Damn, I wish I knew really what to say here.

I begged to drop out of school when your age, actually a little younger. Your home setting was different then mine, but in an odd way the same. See my Dad was as strange as I was, but he did very very well in school and just could not understand why I didn't. I learn better on my own, in a different way then schools do it. Most of them anyway. But, let me tell you a little about my dad. Big name colleges, universities wanted him and he said no. He was a brick Mason almost all of his life. So one day I asked him why and would he do it any differently given a second chance. he said, yeah I would, I would have been a carpenter because they get to use math more on the job. Now that statement is a bit deceiving, he wasn't just talking about numbers. I don't do numbers, but I do the math, is the way I put it now. He then went on to say, he liked the mason trade because in this area you don't work as much in the Winter and that gave him down time to pursue what really interested him. A degree is just a piece of paper. But to get out of your hell, and believe me I do know about the school hell, not only being in it, but coming home and hearing about me being an utter failure, you may have to just get through it with teeth and finger nails dug deep into the desk.

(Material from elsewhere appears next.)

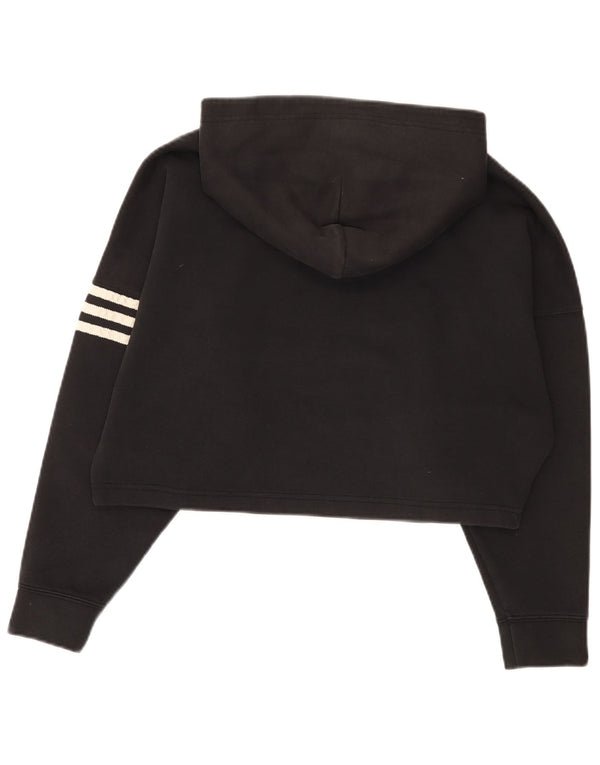Jumper Adidas Crop Oversized Hoodie pentru femei UK 6 XS Bumbac negru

That piece of paper is really worthless, but in this world where most think it's way more important then it really is, it will open doors for you later and that later is when you can start to carve out your own place in this world. Mean while keep learning on your own, it will serve you very well. Any way your heart goes there is something to be learned and never ever stop learning. You just have to see it in what you're doing at any given time and sometimes it's the simple that is the hardest to see. That my friend is what they don't teach in schools and it becomes easier with practice. It is so in their face they just don't see it. No, a degree is just a piece of paper, it's what you learned and how you use it. The whole world is a big class room, be both the teacher and ever the student, they don't give out degree's here. You really have to earn them and they don't come on a piece of paper. But they can be a big short cut. It took me some 18 or so years to get into a trade that others could with just a piece of paper that I didn't have, except when I got there, I taught them. Throw away that piece of paper this is how it's really done, welcome to the world kids. I opened the door wide for them as best I could and some of them are doing things now that just make me proud as punch to have helped them along their way.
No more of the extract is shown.